Nusantarakini.com, Jakarta – 

Reformasi Indonesia sudah berjalan lebih dari dua puluh tahun, sebagai buah dari perjuangan mahasiswa dan elemen rakyat lainnya yang bersatu padu meruntuhkan rezim otoritarianisme. Radikalisasi pemikiran di kalangan terpelajar, kaum buruh, petani dan kaum miskin kota, saat itu telah melahirkan sebuah aksi kolektif yang mencapai perubahan mendasar, yaitu pergantian kepemimpinan nasional yang selama 32 tahun tidak terjadi.

Dua puluh tahun perjalanan ini tentu tidak luput dari berbagai rintangan dan bajakan di tengah jalan.
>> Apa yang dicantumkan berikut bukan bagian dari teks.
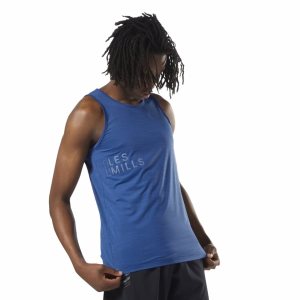 Reebok LES MILLS™ ActivChill Muskelshirt Herren - Blau - DE 372-XLZ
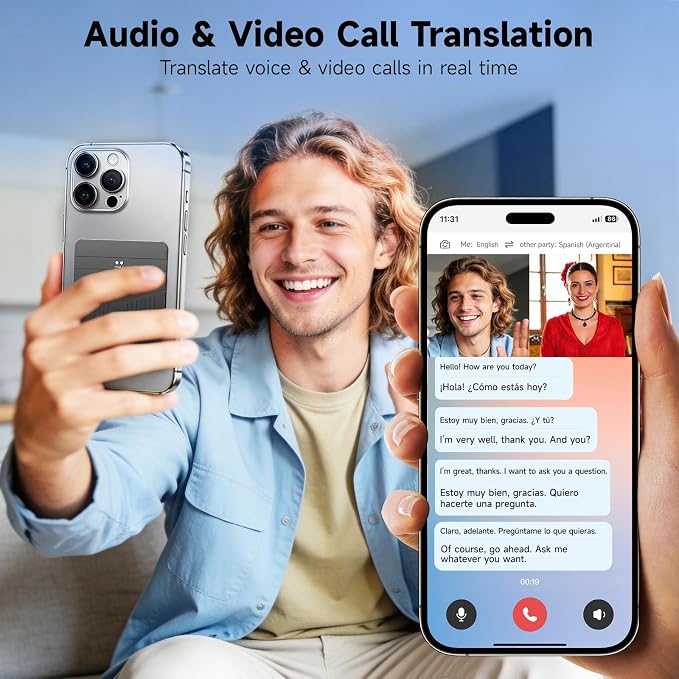 AI Language Translator, HFfit AI Assistant, 136 Online & 11 Offline Languages, Real-Time Voice & Photo Translation, Meeting Recorder, APP Control for Travel, Business & Learning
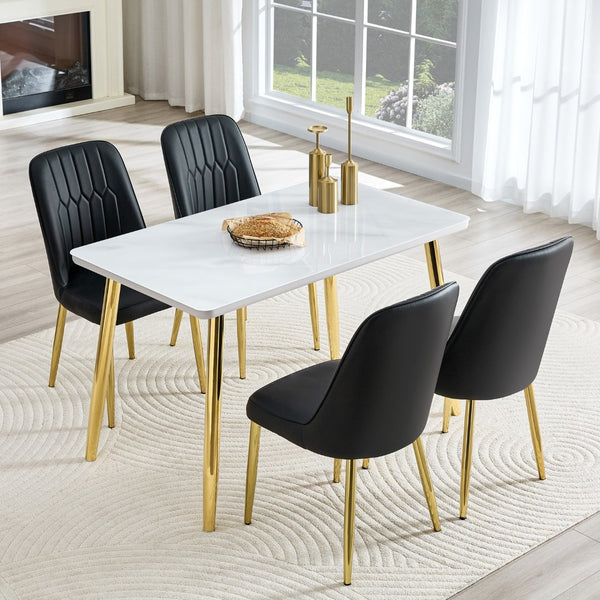 English Elm Table and Chair Set Marble Glass Top Gold Legs with Four Pu Leather Dining Seats W1151S04634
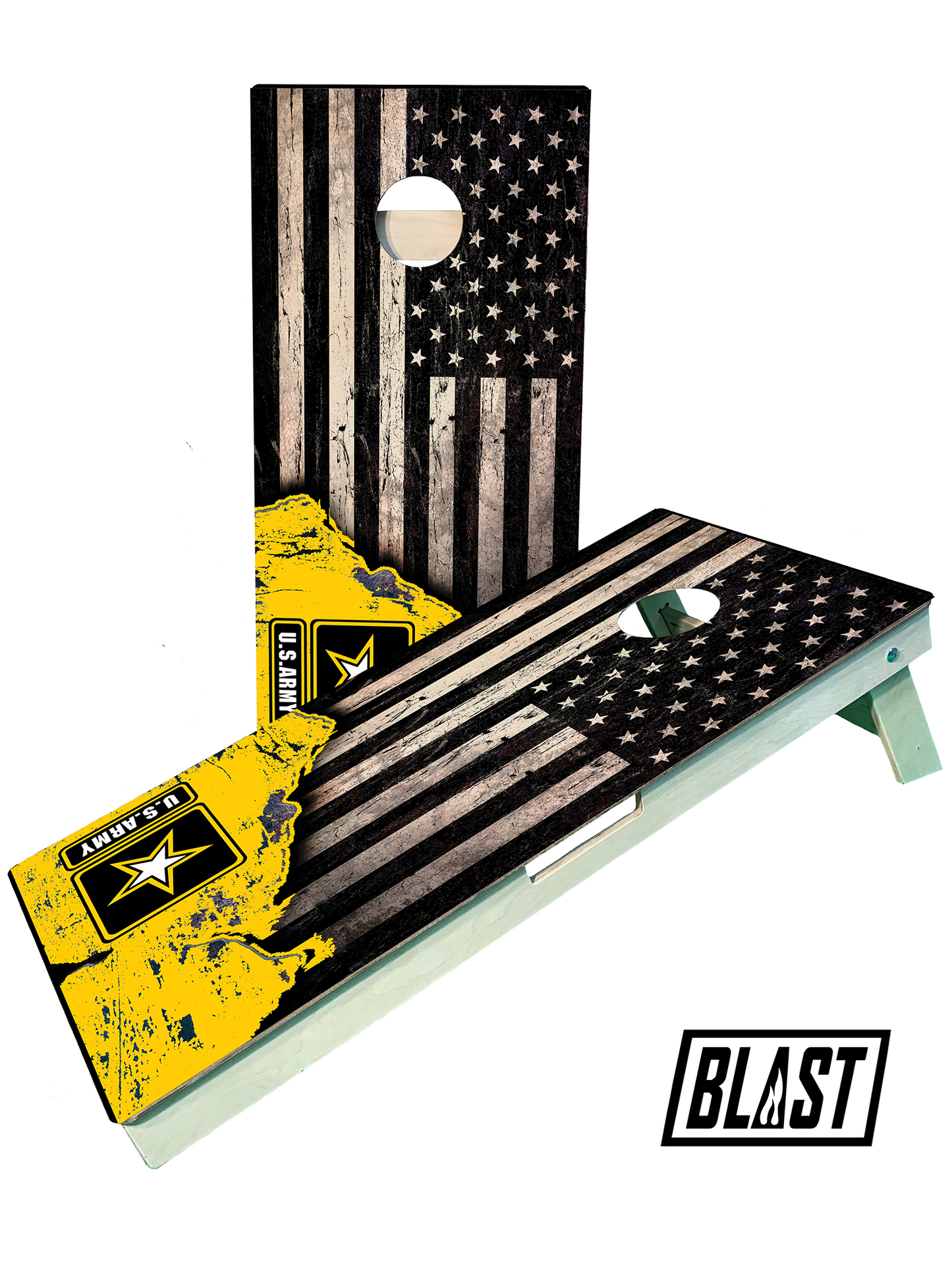 Army Burnt Flag Military Cornhole Set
Teriakan keras para politisi yang mengagungkan NKRI seolah hanya menjadi slogan tanpa makna, tanpa ada usaha untuk mewujudkan kedaulatan, keadilan dan kesejahteraan bagi seluruh rakyat Indonesia.

Sejak kelahirannya, 98 adalah gerakan yang mengoreksi total hampir keseluruhan praktek kehidupan bernegara antara lain authoritarianism, korupsi, kolusi dan nepotisme. Mengingat begitu kuatnya “tembok kekuasaan” yang harus dihadapi, maka 98 tidak mungkin menjadi gerakan massif yang melibatkan keseluruhan komponen masyarakat tanpa adanya upaya-upaya radikalisasi di sejumlah kampus perguruan tinggi maupun basis-basis perlawanan komponen masyarakat lainnya.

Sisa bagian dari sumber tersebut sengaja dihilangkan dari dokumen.